相手はちょっとドギマギしますが、お構いなしに本題に入るなり、その場を立ち去るなり、とにかく話題を自分の容姿からそらします。
飲み会や職場など、複数の人が同席している場合はもっと気が楽です。
「キレイですね」と言われても、こちらが黙っていれば、他の人が勝手に庇護欲を発揮して、
「でしょ? こんなキレイな人なかなかいないよ?」
「お前、よく恥ずかし気もなくそんなこと言えるな」
「ダメダメ! 朝霧さんをいやらしい目で見るのは禁止」
と、全部代わりに打ち返してくれますから。
私は他人事みたいな顔して、彼らのやりとりを聞いているだけ。
この手法に変えてから、容姿を褒められた時の心理的な負担がかなり減りましたね。
ただ、一度だけ。
仕事関係の方(仮にTさんとします)と打ち合わせテーブルに向かい合って座り、真面目な話をしていた時のこと。
Tさんが、
「朝霧さんなら安心してお任せできますよ。仕事もできるし…」
そう言った後、私の目をじっと見ながら、
「お美しいし…」
と、言ったんです。
私もこの時ばかりは、思わずスーッと無言でうつむいてしまうという、素のリアクションをとってしまいました。

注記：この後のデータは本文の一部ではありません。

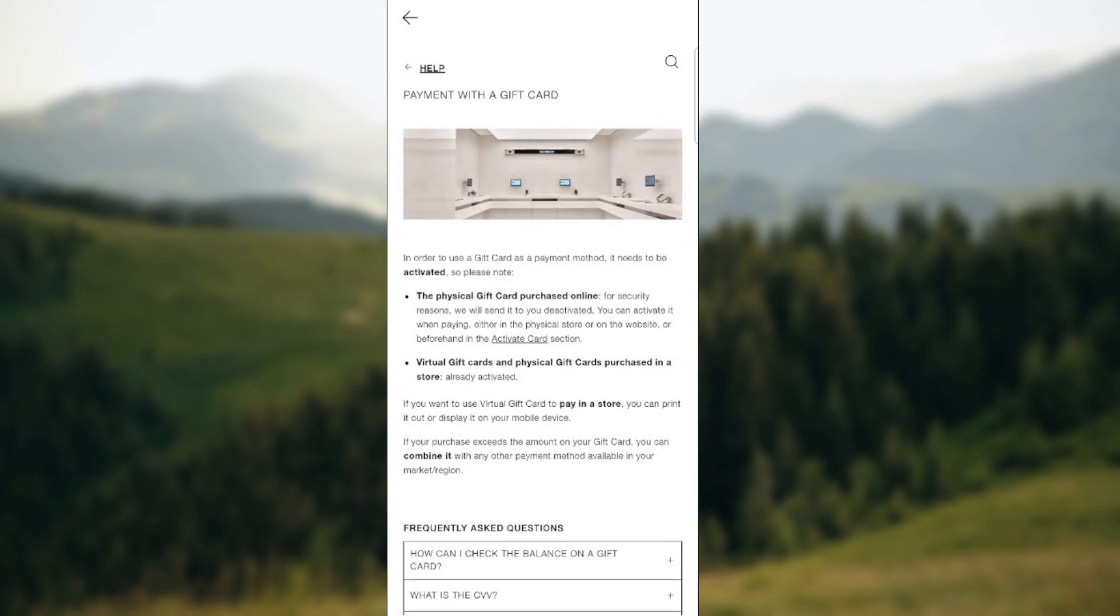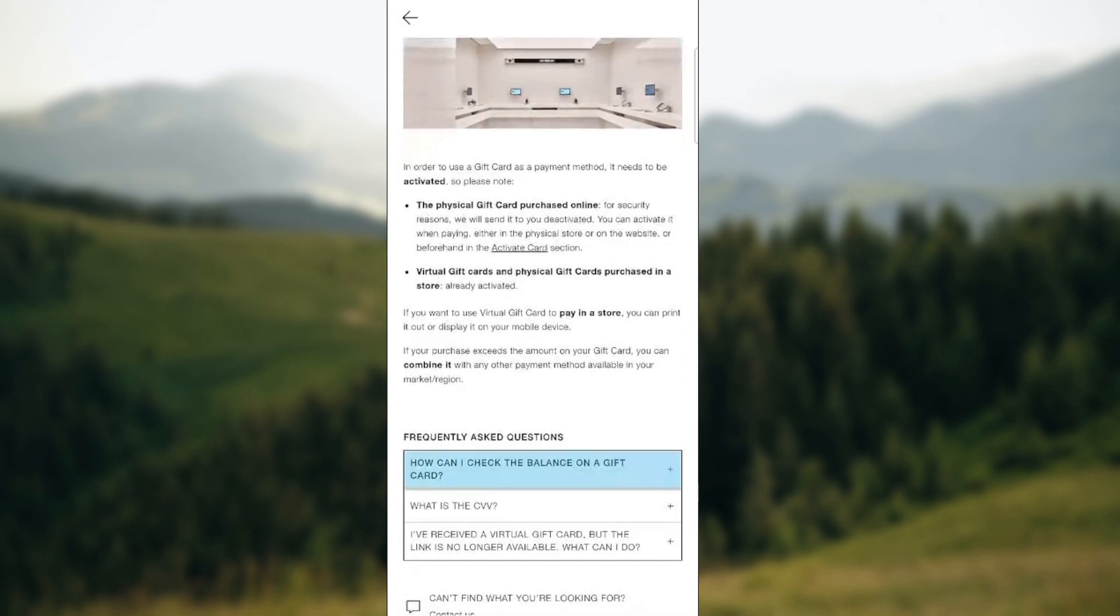And of course, if your purchase exceeds the amount on your gift card, you can combine it with any other payment method available in your market and region.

すぐに、何事もなかったかのように話題を変えて下さったTさん。紳士ですよね。
私は別に、Tさんを好きだったわけでもなんでもないんです。
ただ、タイミングとして不意打ちすぎたこと、あまりにも真剣な顔で言われたこと、そして「お美しい」という言葉のチョイスに動揺してしまったのだと思います。
ちなみに、褒められて嬉しくないわけではないですよ。毎回、素直に嬉しいです。
ただ、嬉しいのと同じくらい、心理的な負担も大きいのです。つまり、リアクションするのが面倒くさい。
それでも、大好きな人から「キレイだね」と言ってもらった時だけは、サラリと流すのではなく全力で照れてみたいなと思います。